What a property manager does

Many landlords expect their property manager to receive rent on their behalf, find suitable tenants, handle maintenance, deal with disputes, and sort any issues at the end of a tenancy. In essence, the property manager becomes the landlord’s agent who looks after their investment.

Having a good property manager can help to attract and keep good tenants.

Questions for landlords to ask a property manager

How well qualified are you?

  • What are your qualifications?
  • Are you a specialised property manager or a real estate agent who also does property management?
  • How long have you been a property manager in the area?
  • Do you personally invest in the area?

How does your business work?

  • How many staff do you have and what are their roles? Do you have staff specifically responsible for finding good tenants?
  • Are you affiliated with any particular professional body with a code of ethics?
  • What resources do you have for managing property over holiday periods?
  • How many properties does your business manage, and what percentage is currently vacant?
  • What’s the average length of time it takes to fill a vacancy in the area?
  • What kind of insurance coverage do you have? Is there any fidelity fund coverage?
  • What computer system and software do you use?
  • May I see an example of a monthly reporting package?

What experience do you have with the Tenancy tribunal?

  • Have you appeared in Tenancy Tribunal cases? If so, what happened?

Questions for landlords to ask themselves

  • How close is the property manager’s business to your property?
  • How organised and tidy are their offices?
  • Do they present themselves professionally?
  • What does their website look like? Is the content consistent with what they say when you meet them?

How to develop the property management agreement

Take time to carefully check and agree on the property manager’s responsibilities. You need to agree on all terms and conditions, and clarify any queries at the outset to avoid problems later. You should always record your understanding in writing.

When developing the property management agreement, consider the following.

How much will it cost?

  • What fee structure will they charge? Does it fall within the average fee of 7.5–8.5% of rent received? What other costs does the manager expect you to pay in advance?

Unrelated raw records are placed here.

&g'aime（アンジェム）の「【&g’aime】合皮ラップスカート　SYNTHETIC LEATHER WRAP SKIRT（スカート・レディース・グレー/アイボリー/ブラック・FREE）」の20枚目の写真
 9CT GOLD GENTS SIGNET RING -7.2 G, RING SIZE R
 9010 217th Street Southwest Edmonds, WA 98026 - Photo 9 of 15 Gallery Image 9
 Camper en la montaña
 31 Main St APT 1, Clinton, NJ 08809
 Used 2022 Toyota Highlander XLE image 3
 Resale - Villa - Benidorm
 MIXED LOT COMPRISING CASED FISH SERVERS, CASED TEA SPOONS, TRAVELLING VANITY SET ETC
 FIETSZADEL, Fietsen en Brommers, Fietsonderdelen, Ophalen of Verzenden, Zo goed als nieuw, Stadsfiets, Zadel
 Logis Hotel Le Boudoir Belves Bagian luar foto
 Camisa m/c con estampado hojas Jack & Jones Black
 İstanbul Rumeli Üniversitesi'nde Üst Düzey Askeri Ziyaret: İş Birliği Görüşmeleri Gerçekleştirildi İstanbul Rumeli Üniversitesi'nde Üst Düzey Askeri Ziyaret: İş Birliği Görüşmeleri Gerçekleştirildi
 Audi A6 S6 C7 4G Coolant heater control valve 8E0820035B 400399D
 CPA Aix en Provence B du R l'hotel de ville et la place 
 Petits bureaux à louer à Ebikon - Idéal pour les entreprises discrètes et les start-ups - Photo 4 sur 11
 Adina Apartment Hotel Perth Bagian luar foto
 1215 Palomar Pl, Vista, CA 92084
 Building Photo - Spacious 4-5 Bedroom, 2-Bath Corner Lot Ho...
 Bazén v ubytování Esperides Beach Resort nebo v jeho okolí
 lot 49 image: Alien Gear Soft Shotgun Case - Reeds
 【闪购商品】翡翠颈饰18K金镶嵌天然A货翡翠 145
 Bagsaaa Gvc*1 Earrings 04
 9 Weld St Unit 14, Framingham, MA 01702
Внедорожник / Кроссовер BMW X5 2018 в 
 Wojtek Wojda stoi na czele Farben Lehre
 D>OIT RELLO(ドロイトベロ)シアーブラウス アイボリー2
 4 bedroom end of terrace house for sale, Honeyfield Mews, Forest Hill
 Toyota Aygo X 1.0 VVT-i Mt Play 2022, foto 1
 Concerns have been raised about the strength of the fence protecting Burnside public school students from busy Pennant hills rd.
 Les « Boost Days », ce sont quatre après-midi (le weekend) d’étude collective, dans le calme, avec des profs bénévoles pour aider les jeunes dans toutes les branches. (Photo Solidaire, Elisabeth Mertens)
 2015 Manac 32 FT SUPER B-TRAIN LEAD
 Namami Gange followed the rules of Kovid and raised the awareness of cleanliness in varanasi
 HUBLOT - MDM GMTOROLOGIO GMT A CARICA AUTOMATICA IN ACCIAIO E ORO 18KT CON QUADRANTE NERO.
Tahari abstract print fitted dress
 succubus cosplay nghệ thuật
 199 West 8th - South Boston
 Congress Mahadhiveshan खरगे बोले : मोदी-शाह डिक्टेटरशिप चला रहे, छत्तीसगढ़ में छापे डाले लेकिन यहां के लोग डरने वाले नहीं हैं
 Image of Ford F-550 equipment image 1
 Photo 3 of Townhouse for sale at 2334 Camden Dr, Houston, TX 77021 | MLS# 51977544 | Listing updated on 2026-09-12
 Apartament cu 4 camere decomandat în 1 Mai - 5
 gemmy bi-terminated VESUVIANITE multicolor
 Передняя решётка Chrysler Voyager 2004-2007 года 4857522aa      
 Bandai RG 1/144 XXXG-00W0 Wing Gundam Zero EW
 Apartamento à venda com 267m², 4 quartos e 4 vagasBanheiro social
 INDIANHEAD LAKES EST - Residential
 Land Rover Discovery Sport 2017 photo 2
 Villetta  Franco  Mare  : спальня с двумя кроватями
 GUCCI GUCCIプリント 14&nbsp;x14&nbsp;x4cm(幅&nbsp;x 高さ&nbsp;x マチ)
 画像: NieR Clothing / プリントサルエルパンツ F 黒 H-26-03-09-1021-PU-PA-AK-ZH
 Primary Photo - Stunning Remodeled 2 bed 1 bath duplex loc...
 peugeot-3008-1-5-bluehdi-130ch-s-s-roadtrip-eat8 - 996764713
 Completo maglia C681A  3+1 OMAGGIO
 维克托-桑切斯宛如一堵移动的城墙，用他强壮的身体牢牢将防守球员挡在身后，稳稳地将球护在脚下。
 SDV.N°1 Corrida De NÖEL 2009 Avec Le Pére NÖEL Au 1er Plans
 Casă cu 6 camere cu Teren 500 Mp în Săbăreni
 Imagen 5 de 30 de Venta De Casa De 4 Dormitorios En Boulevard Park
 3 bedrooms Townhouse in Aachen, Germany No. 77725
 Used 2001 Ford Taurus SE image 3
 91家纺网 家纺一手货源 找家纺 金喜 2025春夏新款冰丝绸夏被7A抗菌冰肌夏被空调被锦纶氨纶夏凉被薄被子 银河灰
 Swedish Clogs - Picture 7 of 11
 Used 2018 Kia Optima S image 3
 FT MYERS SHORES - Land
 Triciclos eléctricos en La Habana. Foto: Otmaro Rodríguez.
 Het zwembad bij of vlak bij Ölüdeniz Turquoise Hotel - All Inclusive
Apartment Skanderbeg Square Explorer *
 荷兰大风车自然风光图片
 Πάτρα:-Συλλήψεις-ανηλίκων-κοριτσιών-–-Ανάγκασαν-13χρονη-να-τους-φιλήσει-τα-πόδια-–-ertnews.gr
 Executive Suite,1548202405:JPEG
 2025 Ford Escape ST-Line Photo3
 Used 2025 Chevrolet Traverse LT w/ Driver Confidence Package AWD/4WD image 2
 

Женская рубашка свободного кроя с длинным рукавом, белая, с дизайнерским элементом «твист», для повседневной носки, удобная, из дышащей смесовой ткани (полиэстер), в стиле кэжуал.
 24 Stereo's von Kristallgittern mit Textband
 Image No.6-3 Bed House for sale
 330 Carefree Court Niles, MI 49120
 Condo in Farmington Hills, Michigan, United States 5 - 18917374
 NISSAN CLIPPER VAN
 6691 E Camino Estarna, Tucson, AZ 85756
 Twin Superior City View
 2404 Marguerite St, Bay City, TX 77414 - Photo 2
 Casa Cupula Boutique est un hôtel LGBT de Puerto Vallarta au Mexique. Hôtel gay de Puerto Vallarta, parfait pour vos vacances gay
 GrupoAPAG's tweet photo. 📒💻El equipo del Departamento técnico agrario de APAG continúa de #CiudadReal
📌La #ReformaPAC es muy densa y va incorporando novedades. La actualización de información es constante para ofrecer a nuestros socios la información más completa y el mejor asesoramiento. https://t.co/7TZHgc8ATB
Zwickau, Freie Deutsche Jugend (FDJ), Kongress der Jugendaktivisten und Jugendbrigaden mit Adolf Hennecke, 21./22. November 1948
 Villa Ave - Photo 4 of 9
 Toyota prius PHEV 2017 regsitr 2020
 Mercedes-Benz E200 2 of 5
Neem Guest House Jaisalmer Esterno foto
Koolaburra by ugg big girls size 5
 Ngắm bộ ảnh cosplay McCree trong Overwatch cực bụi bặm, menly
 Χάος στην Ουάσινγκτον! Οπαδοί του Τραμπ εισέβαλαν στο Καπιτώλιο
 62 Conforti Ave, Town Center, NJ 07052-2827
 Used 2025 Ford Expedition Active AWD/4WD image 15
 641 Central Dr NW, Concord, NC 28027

How often will they be in touch?

  • How often will they report to you? What’s included in the report? What’s the format of reporting? Do they offer online services?
  • Will they provide market rent information? Will they alert you to the need for a rent review as part of their monthly reporting services? Will they have sole discretion to impose a rent review or will they need your approval?

How will they attract and select tenants?

  • How will the property be marketed to attract tenants? Who pays for marketing costs?
  • What does their tenant selection process include?

How will they deal with any issues?

  • What facilities do they have for dealing with tenant issues, and for handling any questions or emergencies outside office hours?
  • What process do they follow when a rent payment is late?

How will they maintain the property?

  • How often will they inspect the property?
  • Which kinds of maintenance tasks are handled by the manager in-house? Which tasks require outside contractors? Can they show you a list of preferred or accredited service providers for maintenance work?
  • What is their process for getting quotes for maintenance and repair work?
  • How do they provide contractors access to the property during the tenancy?

What happens when a tenancy ends?

  • At the end of the tenancy, how do they manage bond refunds and property inspections?


The Residential Tenancies Act does not cover the relationship between owners who choose to have their property managed for them by someone else.

An owner should seek independent legal advice on all contractual arrangements, including disputes.